Telecommunication components for a particular spacecraft are chosen in response to the requirements of the mission it will perform. Anticipated distances, planned frequency bands, data rates and available on-board transmitter power are all taken into account.
High-gain antenna: A dish-shaped spacecraft antenna principally used for high rate communication with Earth. This type of antenna is highly directionally and must be pointed to within a fraction of a degree of Earth. It may be either steerable or fixed to the spacecraft bus. High-gain antennas are typically used on interplanetary spacecraft.
Low-gain antenna: An omnidirectional spacecraft antenna that provides relatively low data rates at close range, several astronomical units for example. Many spacecraft include both a low-gain antenna and a high-gain antenna.
Medium-gain antenna: A spacecraft antenna that provides greater data rates than a low-gain antenna, with wider angles of coverage than a high gain antenna, about 20-30 degrees.

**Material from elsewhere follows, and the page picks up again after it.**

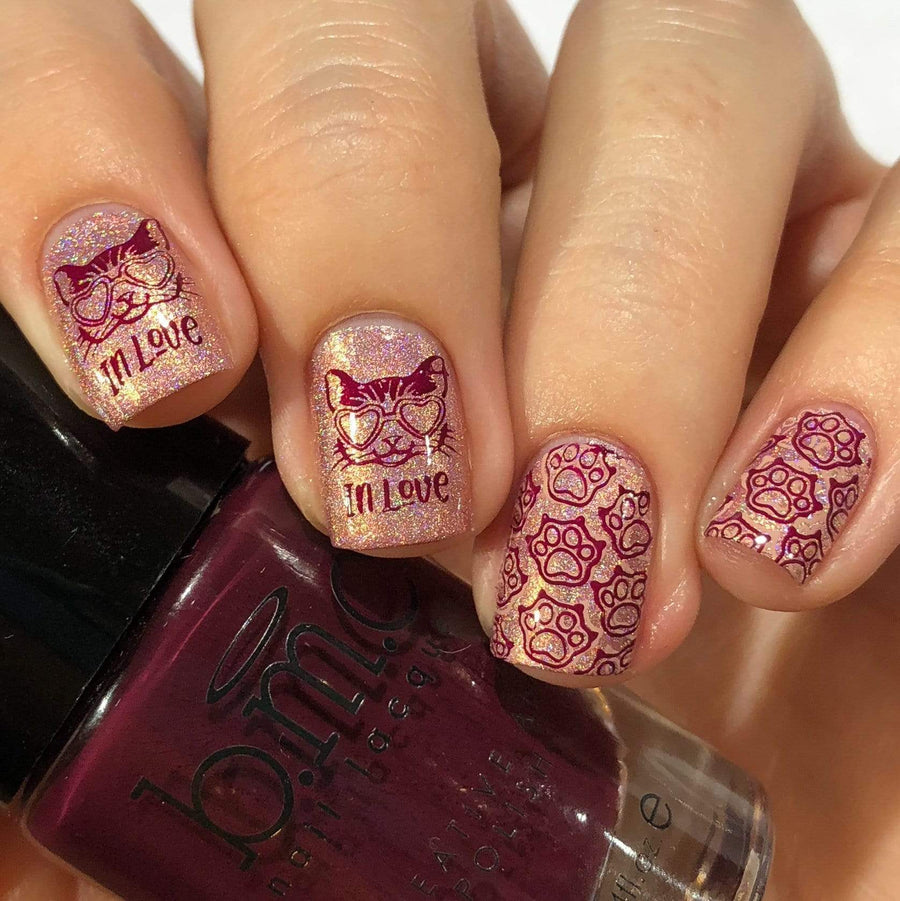 A manicured hand in glitters with cats and paws design holding a polish.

Transmitter: An electronic device that generates and amplifies a tone at a single designated radio frequency, called a carrier wave. The carrier wave can be sent from the spacecraft to Earth as it is, or it can be modulated with a data-carrying subcarrier. The transmitter radiates the resulting signal, called downlink, from an antenna.
Receiver: An electronic device that receives incoming radio signals, called uplink, and converts them to perceptible forms. The received uplink is stripped of its command-data-carrying subcarrier which is converted into binary code, which is then typically passed to the spacecraft's command and data subsystem.
Frequently, transmitters and receivers are combined into one electronic device which is called a transponder.